[Start of Attachment]

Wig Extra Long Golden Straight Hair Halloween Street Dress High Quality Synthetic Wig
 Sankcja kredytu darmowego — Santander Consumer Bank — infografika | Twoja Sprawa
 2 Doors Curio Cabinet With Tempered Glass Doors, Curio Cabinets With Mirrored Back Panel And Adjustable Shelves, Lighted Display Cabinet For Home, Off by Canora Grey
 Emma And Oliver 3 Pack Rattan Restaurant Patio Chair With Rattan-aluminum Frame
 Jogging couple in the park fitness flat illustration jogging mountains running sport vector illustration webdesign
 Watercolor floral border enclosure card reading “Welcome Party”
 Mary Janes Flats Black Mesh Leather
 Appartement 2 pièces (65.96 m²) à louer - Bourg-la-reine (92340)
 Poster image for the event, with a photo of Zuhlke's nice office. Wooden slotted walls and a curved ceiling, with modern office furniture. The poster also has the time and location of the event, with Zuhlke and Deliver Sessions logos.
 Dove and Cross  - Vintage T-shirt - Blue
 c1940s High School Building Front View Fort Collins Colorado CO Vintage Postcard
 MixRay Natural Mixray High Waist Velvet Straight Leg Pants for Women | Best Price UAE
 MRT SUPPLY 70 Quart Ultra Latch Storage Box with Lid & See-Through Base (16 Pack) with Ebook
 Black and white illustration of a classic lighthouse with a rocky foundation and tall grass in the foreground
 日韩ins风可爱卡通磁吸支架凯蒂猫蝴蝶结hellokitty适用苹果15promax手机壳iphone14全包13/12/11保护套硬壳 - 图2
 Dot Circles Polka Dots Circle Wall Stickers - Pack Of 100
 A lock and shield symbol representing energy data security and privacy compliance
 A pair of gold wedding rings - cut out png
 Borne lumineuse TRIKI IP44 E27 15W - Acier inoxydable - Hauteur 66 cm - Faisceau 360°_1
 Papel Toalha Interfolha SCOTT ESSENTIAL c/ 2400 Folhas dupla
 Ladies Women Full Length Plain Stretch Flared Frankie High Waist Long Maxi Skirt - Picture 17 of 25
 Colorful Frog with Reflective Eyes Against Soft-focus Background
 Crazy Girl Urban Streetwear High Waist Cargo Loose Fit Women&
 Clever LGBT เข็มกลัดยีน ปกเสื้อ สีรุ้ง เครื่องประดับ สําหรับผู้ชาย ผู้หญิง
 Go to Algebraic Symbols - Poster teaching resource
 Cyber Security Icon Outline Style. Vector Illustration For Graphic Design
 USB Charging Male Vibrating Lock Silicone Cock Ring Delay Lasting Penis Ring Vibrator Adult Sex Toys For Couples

[End of Attachment]

Repeat the records above exactly, from the first line to the last.

Wig Extra Long Golden Straight Hair Halloween Street Dress High Quality Synthetic Wig
 Sankcja kredytu darmowego — Santander Consumer Bank — infografika | Twoja Sprawa
 2 Doors Curio Cabinet With Tempered Glass Doors, Curio Cabinets With Mirrored Back Panel And Adjustable Shelves, Lighted Display Cabinet For Home, Off by Canora Grey
 Emma And Oliver 3 Pack Rattan Restaurant Patio Chair With Rattan-aluminum Frame
 Jogging couple in the park fitness flat illustration jogging mountains running sport vector illustration webdesign
 Watercolor floral border enclosure card reading “Welcome Party”
 Mary Janes Flats Black Mesh Leather
 Appartement 2 pièces (65.96 m²) à louer - Bourg-la-reine (92340)
 Poster image for the event, with a photo of Zuhlke's nice office. Wooden slotted walls and a curved ceiling, with modern office furniture. The poster also has the time and location of the event, with Zuhlke and Deliver Sessions logos.
 Dove and Cross  - Vintage T-shirt - Blue
 c1940s High School Building Front View Fort Collins Colorado CO Vintage Postcard
 MixRay Natural Mixray High Waist Velvet Straight Leg Pants for Women | Best Price UAE
 MRT SUPPLY 70 Quart Ultra Latch Storage Box with Lid & See-Through Base (16 Pack) with Ebook
 Black and white illustration of a classic lighthouse with a rocky foundation and tall grass in the foreground
 日韩ins风可爱卡通磁吸支架凯蒂猫蝴蝶结hellokitty适用苹果15promax手机壳iphone14全包13/12/11保护套硬壳 - 图2
 Dot Circles Polka Dots Circle Wall Stickers - Pack Of 100
 A lock and shield symbol representing energy data security and privacy compliance
 A pair of gold wedding rings - cut out png
 Borne lumineuse TRIKI IP44 E27 15W - Acier inoxydable - Hauteur 66 cm - Faisceau 360°_1
 Papel Toalha Interfolha SCOTT ESSENTIAL c/ 2400 Folhas dupla
 Ladies Women Full Length Plain Stretch Flared Frankie High Waist Long Maxi Skirt - Picture 17 of 25
 Colorful Frog with Reflective Eyes Against Soft-focus Background
 Crazy Girl Urban Streetwear High Waist Cargo Loose Fit Women&
 Clever LGBT เข็มกลัดยีน ปกเสื้อ สีรุ้ง เครื่องประดับ สําหรับผู้ชาย ผู้หญิง
 Go to Algebraic Symbols - Poster teaching resource
 Cyber Security Icon Outline Style. Vector Illustration For Graphic Design
 USB Charging Male Vibrating Lock Silicone Cock Ring Delay Lasting Penis Ring Vibrator Adult Sex Toys For Couples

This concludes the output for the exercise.